We reenter the venue, as the chatter outside dies down. I chug down an iced drink outside the floor, they don't allow outside food or drink. Damn, and I was hoping to bring my liquid refreshment to the heat and beat of the floor. Oh well, another time, maybe.

The background music pales to the sound of the band tuning. A scruffy bunch, not exactly the synchronized-shirt-wearing and tribal-drumming type, a nice change from the opening band. Before the band opens, we are treated to a speech. An odd change of pace from the frantic sound of the openers, but nonetheless appreciated. The mood perks up as the speaker leaves and the band enters.

The crowd stands, and clusters together. We push and shove to the front, then reach an equilibrium as the band takes their places, as the tuning dims and the lights fade.

Slowly at first, the music begins. Sweeping, orchestral. Then a pause, a break. Powerful sounds from the stage. The crowd naturally reacts, from their swaying to a more pushed rhythm, the beat picks up and the feet follow. Lyrics about oceans and beasts and running and guns are distilled to their deepest, most chaotic meaning.
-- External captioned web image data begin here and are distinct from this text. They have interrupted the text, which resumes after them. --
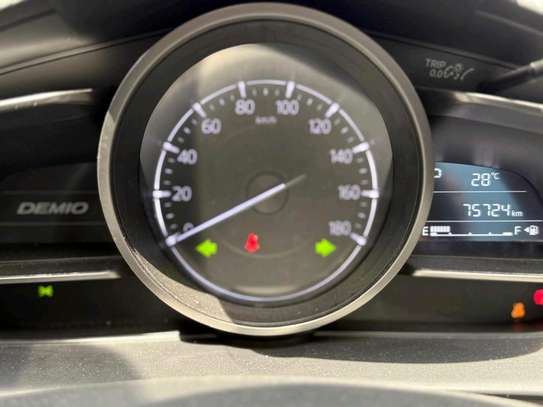 Mazda demio 2019 model image 4
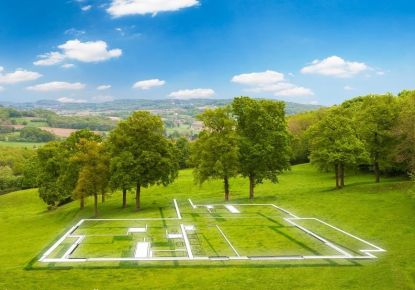 vente Terrain constructible Osse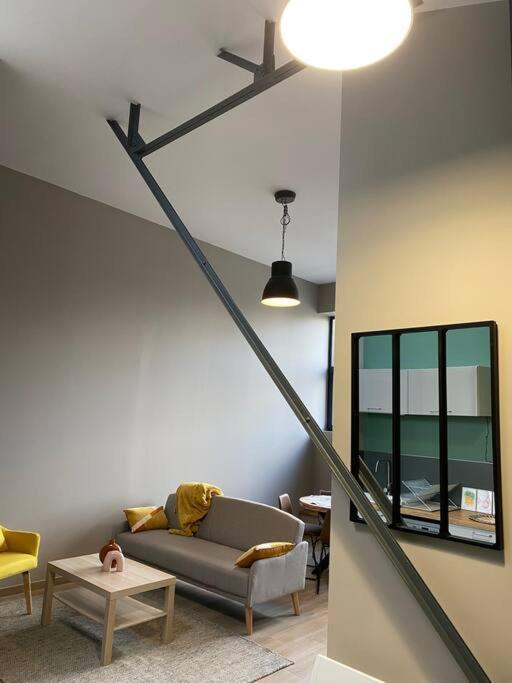 Appartement Proximite Centre Mulhouse Luaran gambar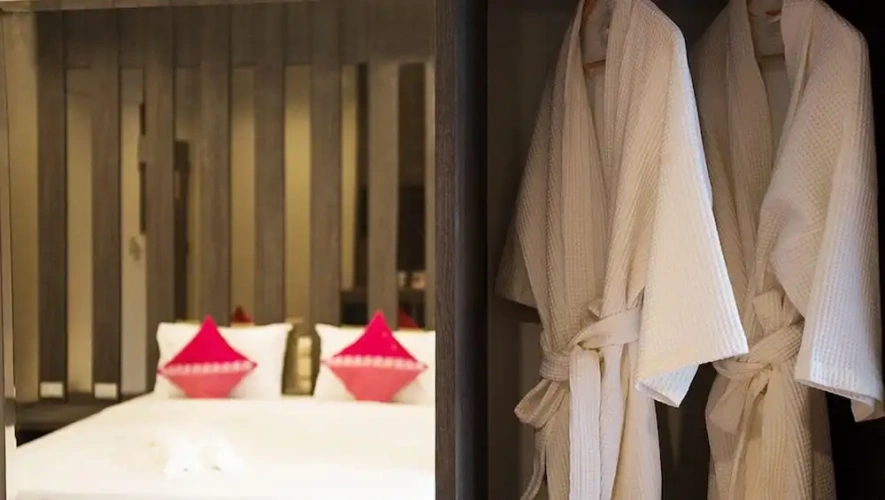 Luxury room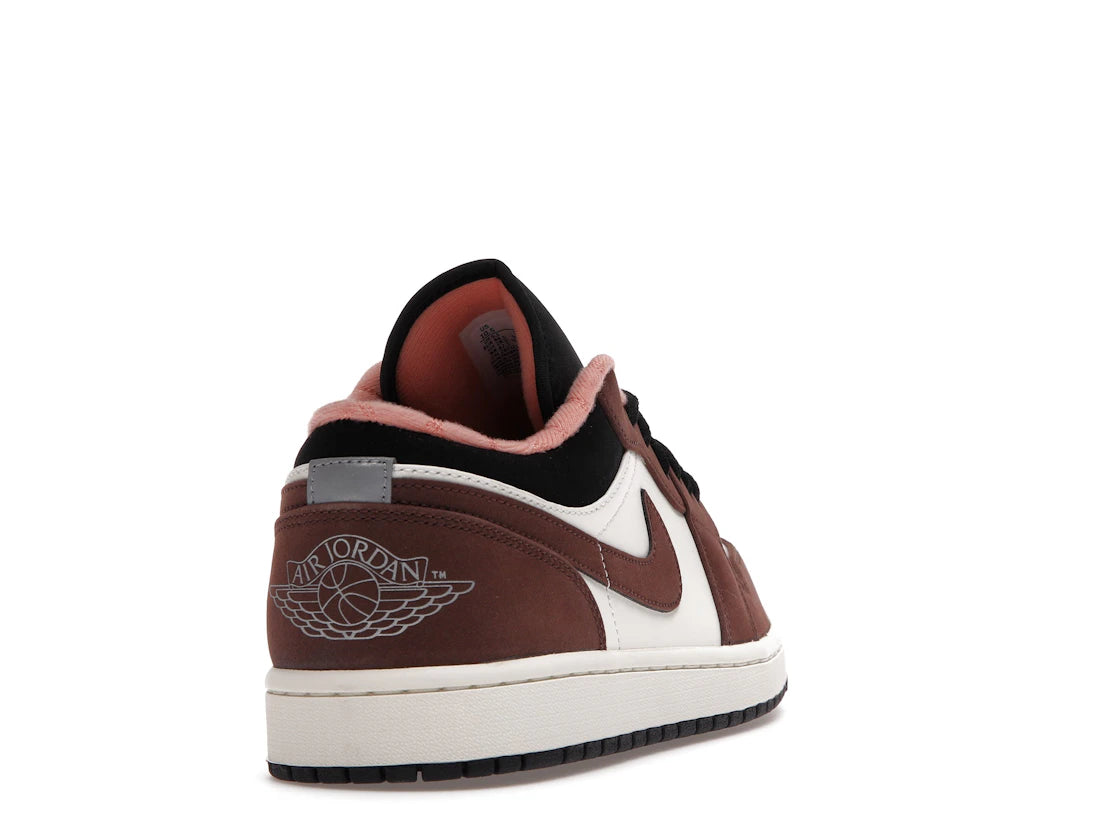Air Jordan 1 Low Mocha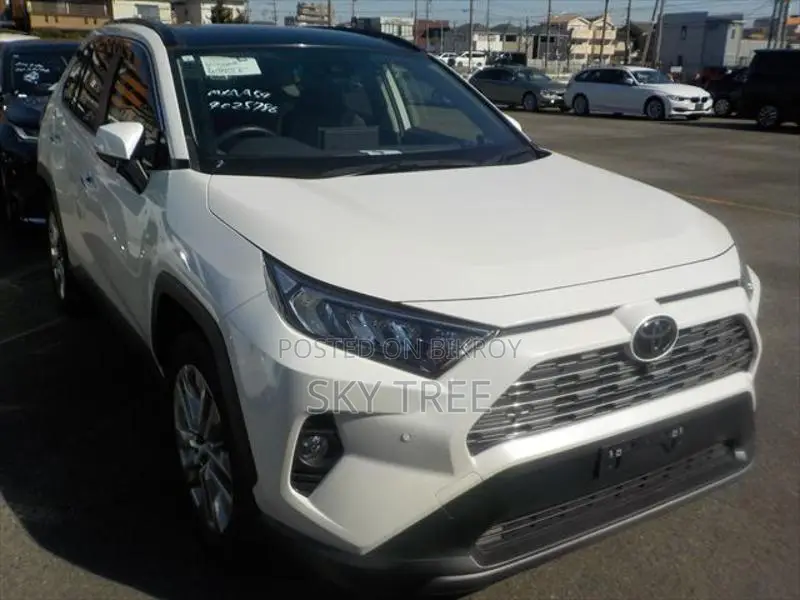 Toyota RAV4 Gz-Package 2021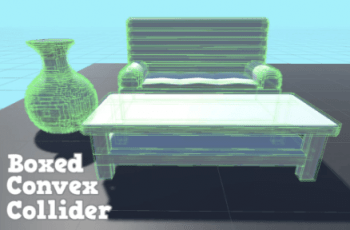 Boxed Convex Collider – Free Download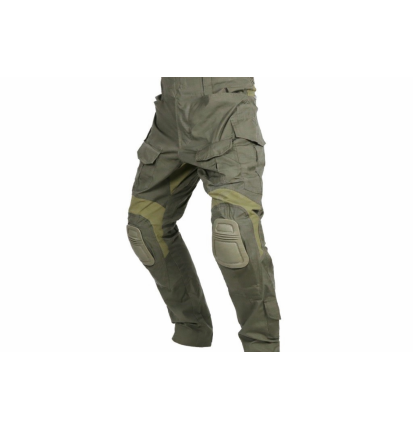 Combat nohavice G3 - Ranger Green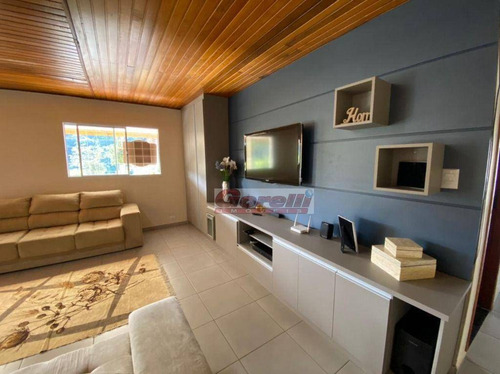 Imagem 5 de 30 de Chácara Com 6 Dormitórios À Venda, 3300 M² Por R$ 1.200.000,00 - Aralú - Santa Isabel/sp - Ch0139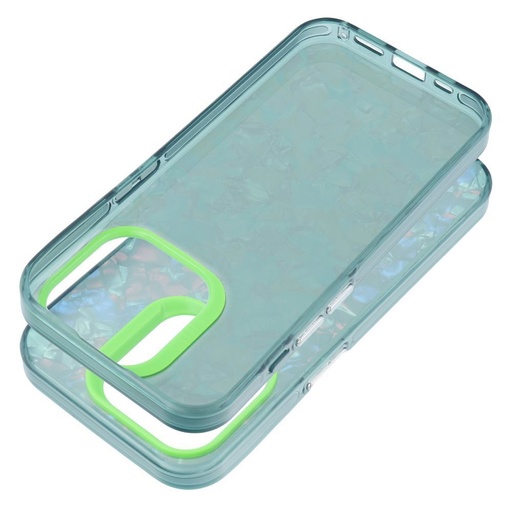 Apple iPhone 13 Pro TUTTI FRUTTI zaštitna maskica (Zelena)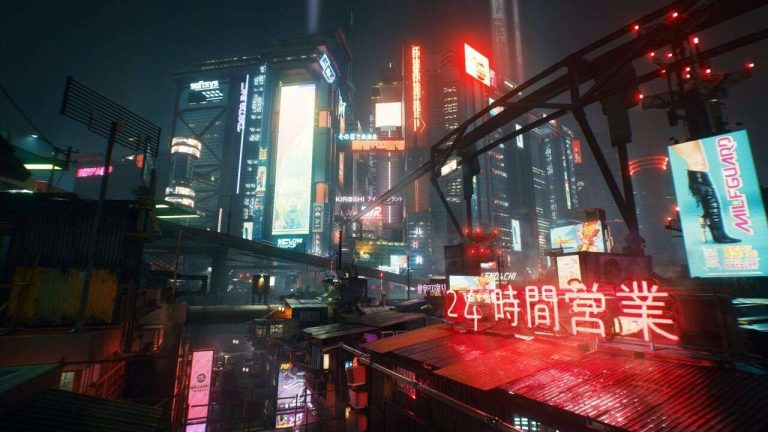 CD Projekt Red Shouldn’t Waste Cyberpunk 2077’s Night City
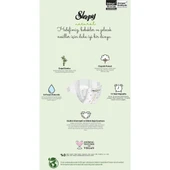 Sleepy Natural Bebek Bezi Gross Paket 1 Beden 2-5 Kg 100 Adet - 4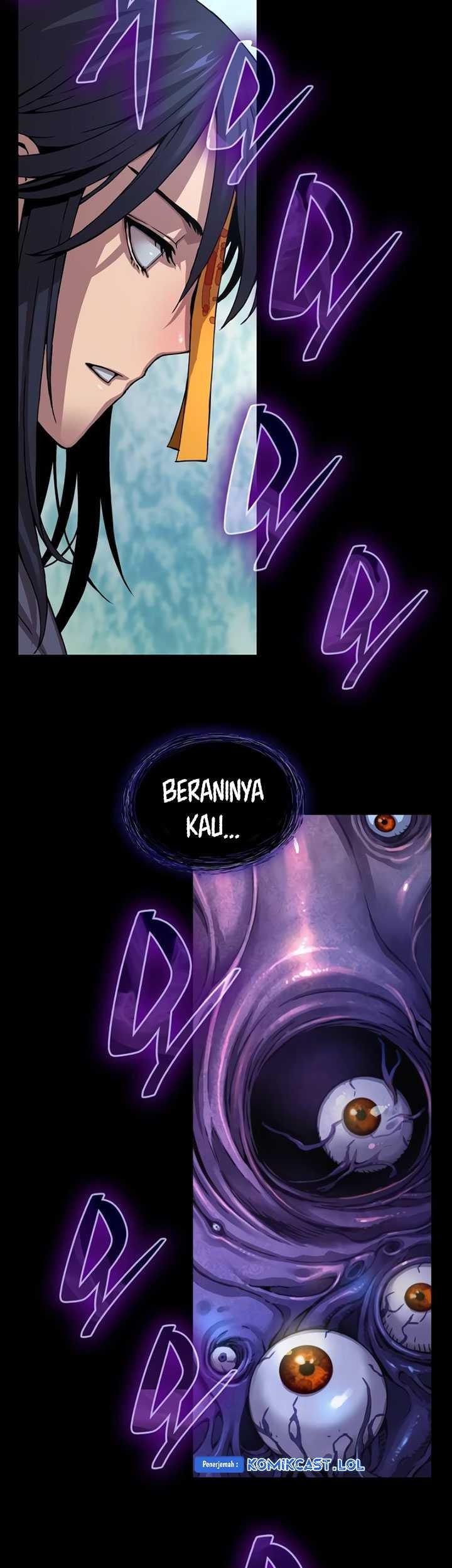 Myst, Might, Mayhem (Legend Of Heavenly Chaos Demon) Chapter 6 - halaman 8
Yelling and screaming and we scream and yell back. Question and answer, the most pure of all interviews are conducted on the mosh floor.

Another song starts, with a rough three way chorus, grating and loud and beautiful and I am thrown into the pit. Smelling that sweet tang of sweat, pushing against people I've never met. A thrill, a power that you can't really describe, like falling off a tall cliff. You are scared and excited and happy all at once, and yet too singularly-minded to even notice. If you fall, you know you will be picked up, shoved back in the tangle of bodies. It's a special type of friendship you make in the pit, a kind that is completely built off of pushing and hitting and mutual understanding.

Close-quarters with my comrades in shove, we scream at the stage. You scream, we scream, our throats hurt together and we will never ever regret it when it ends. Screaming so hard that your head hurts, yelling out your anger and fury and emotion until there's nothing left and you scream more anyways because you can and that's the best part. Screaming and shoving and making split-second enemies with your longtime friends.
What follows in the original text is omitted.